• _REQUIRED ACTION_:
It is required that the lines from the top of the listing through the line with "SALON adam et" be reproduced exactly, excluding pictures.
++++++
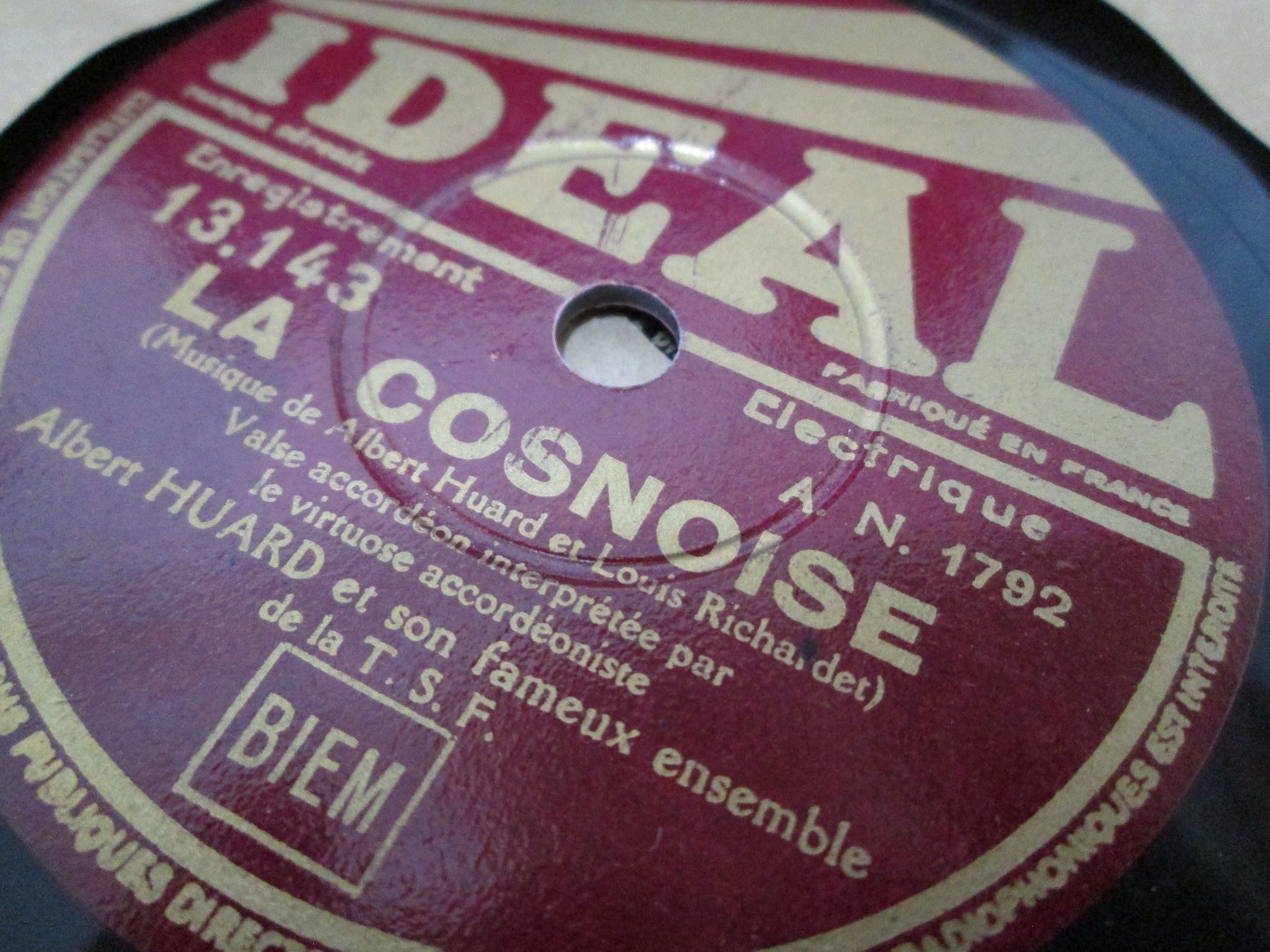 Schallplatten: DISQUES 78 TOURS – Gebraucht aus Lausanne von Leag 5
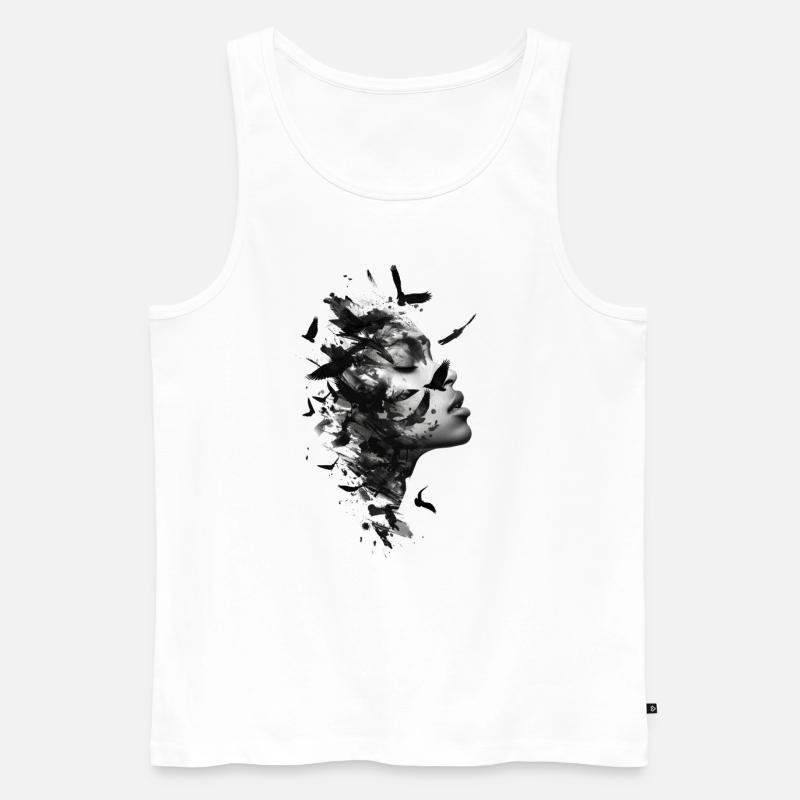 Exposition - Männer Premium Bio Tank Top - Weiß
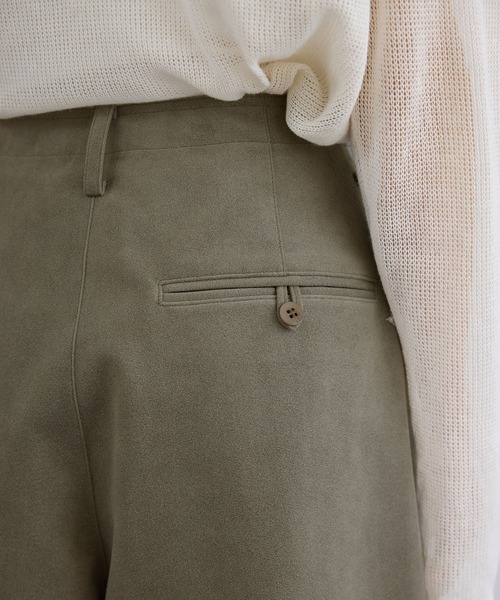 SALON adam et rope'(サロン アダム エ ロペ)の「ウルトラスエードハーフパンツ / Ultrasuede(R)(その他パンツ・レディース・ベージュ系その他・M/S)」の19枚目の写真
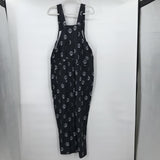 women L.A. Soul NWT Moon Print Overalls Black and White Pants M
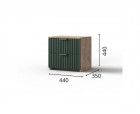 Тумба Герта 2-я КМК 0979.20 дуб канзас/зеленый матовый Тумба Герта 2-я КМК 0979.20 дуб канзас/зеленый матовый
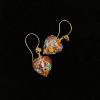 03_254K Gold Venetian Glass 22K gold vermeil earwire $45
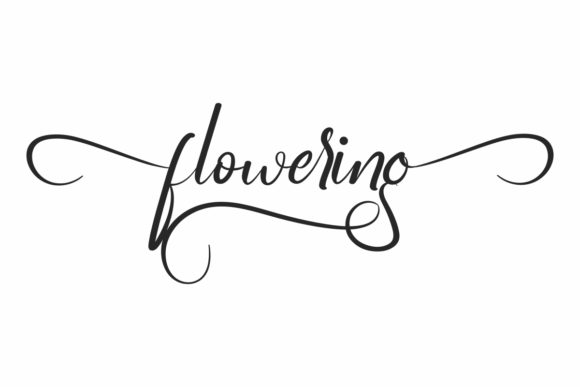Flowering: A Handwritten Font for Makers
++++++
• _RESPONSE TO THE TASK_:
 Schallplatten: DISQUES 78 TOURS – Gebraucht aus Lausanne von Leag 5
 Exposition - Männer Premium Bio Tank Top - Weiß
 SALON adam et rope'(サロン アダム エ ロペ)の「ウルトラスエードハーフパンツ / Ultrasuede(R)(その他パンツ・レディース・ベージュ系その他・M/S)」の19枚目の写真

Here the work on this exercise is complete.